In a recent statement, President Miguel Díaz-Canel called for economic decentralization as a vital component to revive the economy, stimulate private sector growth, and provide a secure, transparent legal framework for foreign investors to engage with Cuban entities. Given this initiative to proactively develop foreign direct investment into Cuba, we believe that the U.S. embargo with Cuba will be lifted in the next 24-36 months. In anticipation of the freedom to pursue private enterprise through a partnership with the government or as an independent activity, CCG is primed to be an active entity in the reconstruction of Cuba’s economy.

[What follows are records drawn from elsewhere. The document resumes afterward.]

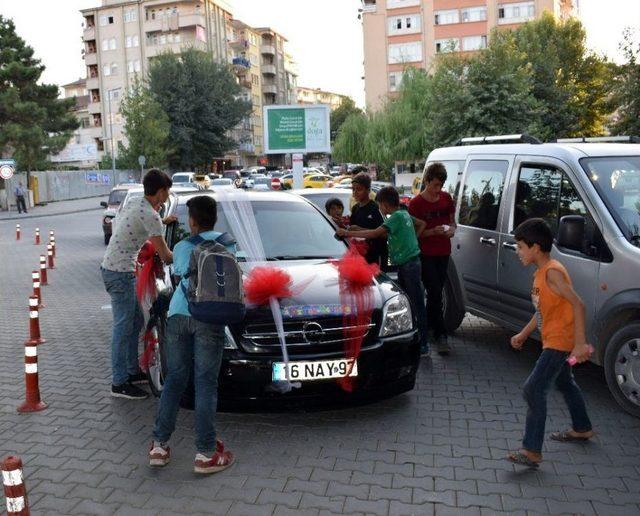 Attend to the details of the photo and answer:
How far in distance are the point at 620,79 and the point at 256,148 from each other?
305 ft

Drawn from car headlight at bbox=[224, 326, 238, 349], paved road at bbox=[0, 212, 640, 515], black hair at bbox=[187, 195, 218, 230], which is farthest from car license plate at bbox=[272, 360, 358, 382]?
black hair at bbox=[187, 195, 218, 230]

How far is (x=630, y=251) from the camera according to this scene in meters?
5.45

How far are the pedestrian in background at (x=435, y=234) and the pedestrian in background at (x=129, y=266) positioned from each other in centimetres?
263

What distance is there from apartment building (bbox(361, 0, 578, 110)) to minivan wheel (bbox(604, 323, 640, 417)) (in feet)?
220

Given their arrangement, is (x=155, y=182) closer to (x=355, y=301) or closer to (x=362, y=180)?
(x=355, y=301)

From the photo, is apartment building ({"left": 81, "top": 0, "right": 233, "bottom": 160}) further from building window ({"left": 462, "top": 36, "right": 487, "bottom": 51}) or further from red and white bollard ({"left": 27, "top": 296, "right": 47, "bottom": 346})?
red and white bollard ({"left": 27, "top": 296, "right": 47, "bottom": 346})

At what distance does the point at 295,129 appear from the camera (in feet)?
78.9

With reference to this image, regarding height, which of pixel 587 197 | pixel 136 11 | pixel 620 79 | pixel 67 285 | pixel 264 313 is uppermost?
pixel 136 11

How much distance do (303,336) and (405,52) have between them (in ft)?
246

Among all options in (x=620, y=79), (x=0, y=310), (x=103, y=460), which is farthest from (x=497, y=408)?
(x=620, y=79)

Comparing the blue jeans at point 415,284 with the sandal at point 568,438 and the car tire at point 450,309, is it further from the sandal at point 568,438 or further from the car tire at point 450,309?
the sandal at point 568,438

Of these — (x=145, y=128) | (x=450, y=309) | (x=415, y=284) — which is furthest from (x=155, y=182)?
(x=145, y=128)

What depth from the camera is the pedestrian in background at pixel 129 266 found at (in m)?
5.69

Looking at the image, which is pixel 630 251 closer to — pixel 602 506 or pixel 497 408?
pixel 497 408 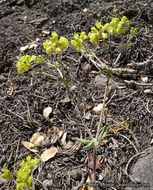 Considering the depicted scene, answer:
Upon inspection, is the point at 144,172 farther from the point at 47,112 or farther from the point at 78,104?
the point at 47,112

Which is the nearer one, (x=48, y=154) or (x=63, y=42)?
(x=63, y=42)

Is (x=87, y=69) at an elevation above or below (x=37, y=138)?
above

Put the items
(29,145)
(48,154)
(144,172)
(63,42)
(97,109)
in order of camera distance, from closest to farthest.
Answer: (63,42) → (144,172) → (48,154) → (29,145) → (97,109)

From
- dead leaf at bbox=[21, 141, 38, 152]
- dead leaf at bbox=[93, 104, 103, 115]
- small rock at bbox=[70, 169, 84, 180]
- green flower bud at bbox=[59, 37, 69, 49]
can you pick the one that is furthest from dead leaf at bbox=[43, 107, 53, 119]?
green flower bud at bbox=[59, 37, 69, 49]

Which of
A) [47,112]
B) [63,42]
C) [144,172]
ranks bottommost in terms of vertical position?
[144,172]

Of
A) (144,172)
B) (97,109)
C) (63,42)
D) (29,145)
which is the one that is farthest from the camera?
(97,109)

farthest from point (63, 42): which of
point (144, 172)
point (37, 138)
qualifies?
point (144, 172)

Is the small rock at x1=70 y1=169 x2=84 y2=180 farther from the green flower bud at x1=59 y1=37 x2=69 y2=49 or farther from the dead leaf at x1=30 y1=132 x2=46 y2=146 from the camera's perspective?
the green flower bud at x1=59 y1=37 x2=69 y2=49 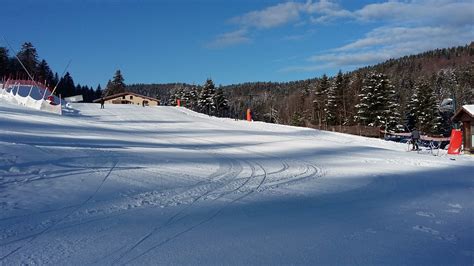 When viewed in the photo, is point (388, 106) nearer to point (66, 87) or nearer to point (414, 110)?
point (414, 110)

Tourism and U.S. Policy Changes
In 2018, tourist arrivals in Cuba were approximately 4.8 million people, which represents the highest number of visitors Cuba has seen since the government began recording tourism statistics. As such, the development of a strategy that leverages the unrivaled attractions of Havana is a unique opportunity for CCG’s potential clients’ efforts in the hospitality sector.
Despite positive changes in Cuba’s internal political landscape, the relationship between the U.S. and Cuban governments have recently deteriorated. In April 2019, the U.S. placed additional travel restrictions on U.S. citizens visiting Cuba, which negatively impacted the Cuban tourism industry and affected the 5.1 million tourists forecasted for 2019. Accordingly, U.S. policy continues to require OFAC and other regulatory approvals on a case-by-case basis. As CCG continues to identify new business opportunities and develop commercial plans for its clients’ success, CCG will continue to take an active equity approach to direct investments that deliver a lasting social and environmental impact to Cuba and its people.